■ **DATA PROVIDED**:
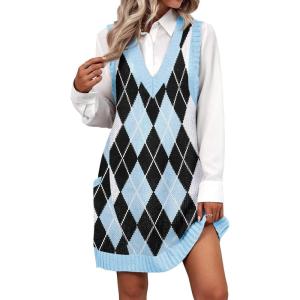 Zeagoo Womens Sweater Vest Dress Pattern Knitted Pullovers Sweaters V Neck Tank Sweater Dress with Pockets(Blue Argyle)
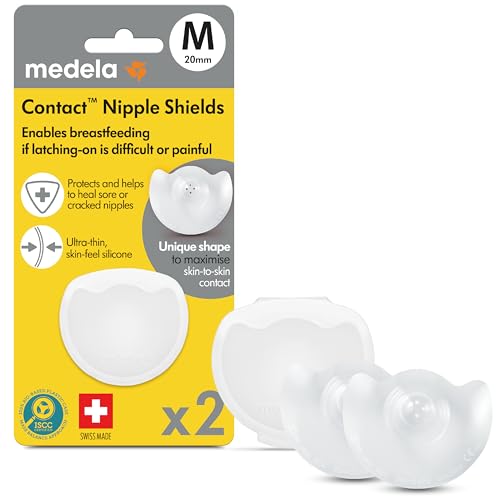 Medela Contact Nipple Shield for Breastfeeding, 20mm Small Nippleshield, For Latch Difficulties or Flat or Inverted Nipples, 2 Count with Carrying Case, Made Without BPA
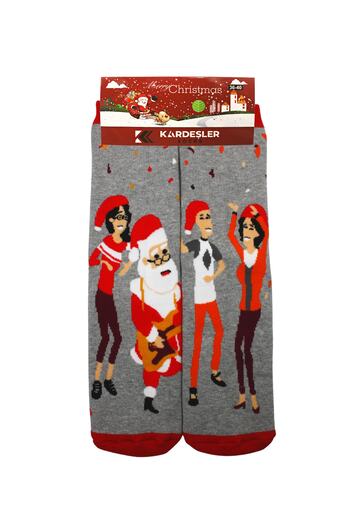 KARDEŞLER ÇORAP New Year Christmas Christmas Colorful Patterned Socket Towel Socks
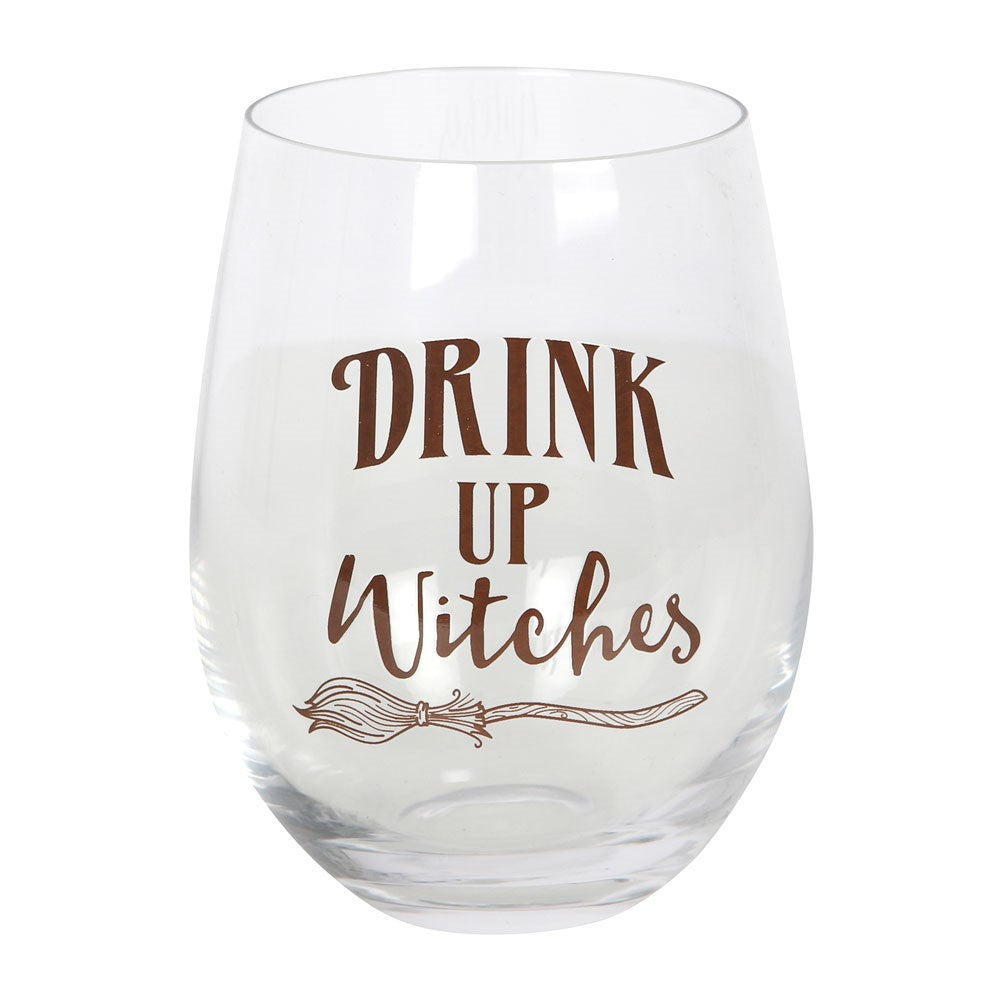'Drink Up Witches' Stemless Wine Glass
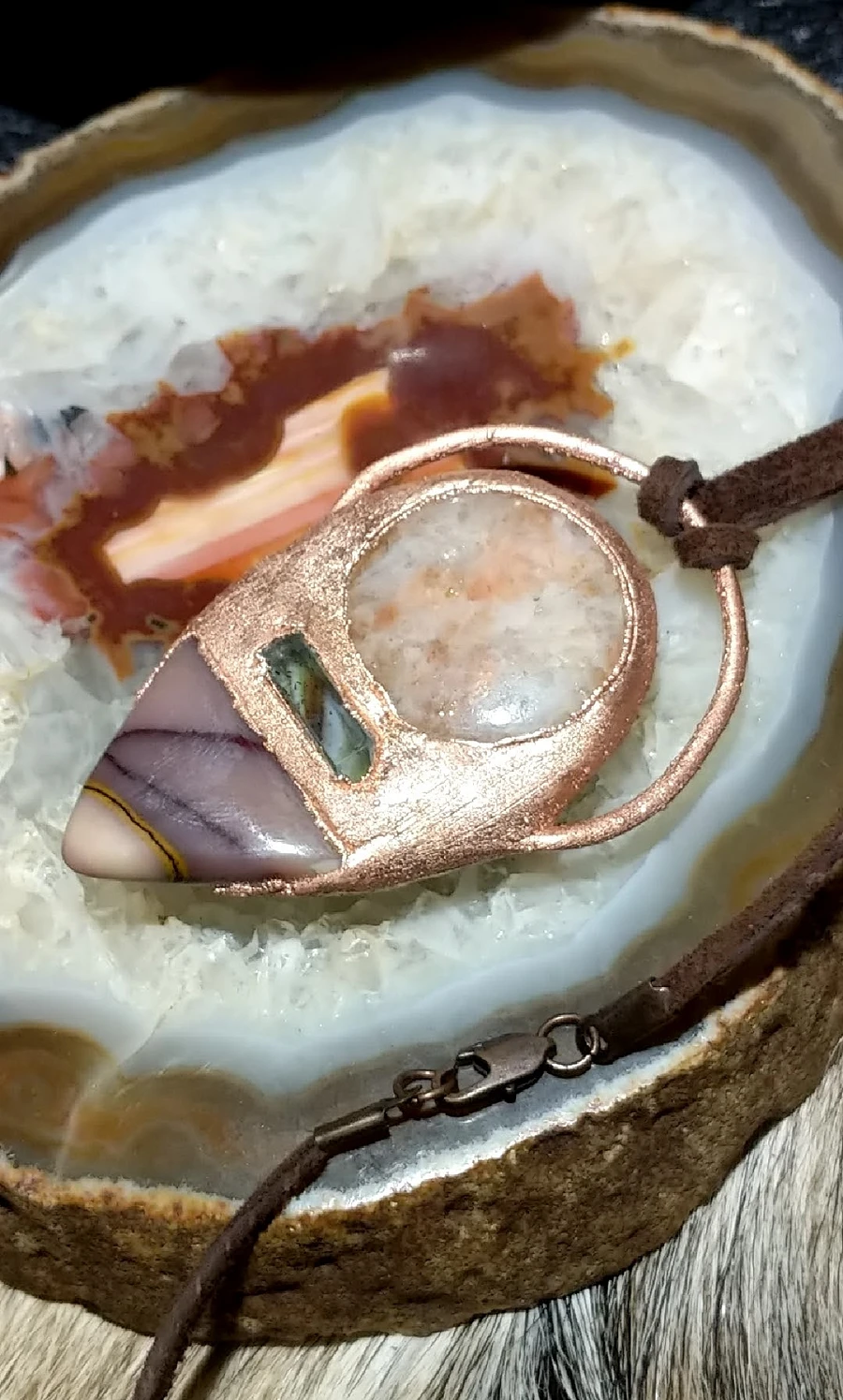 Sunstone, Mookaite, Quartz & Dyed Agate Amulet product image (3)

■ **TO DO**: Extract the text of all the records above verbatim, excluding pictures.

■ **TASK SOLUTION**:
 Zeagoo Womens Sweater Vest Dress Pattern Knitted Pullovers Sweaters V Neck Tank Sweater Dress with Pockets(Blue Argyle)
 Medela Contact Nipple Shield for Breastfeeding, 20mm Small Nippleshield, For Latch Difficulties or Flat or Inverted Nipples, 2 Count with Carrying Case, Made Without BPA
 KARDEŞLER ÇORAP New Year Christmas Christmas Colorful Patterned Socket Towel Socks
'Drink Up Witches' Stemless Wine Glass
 Sunstone, Mookaite, Quartz & Dyed Agate Amulet product image (3)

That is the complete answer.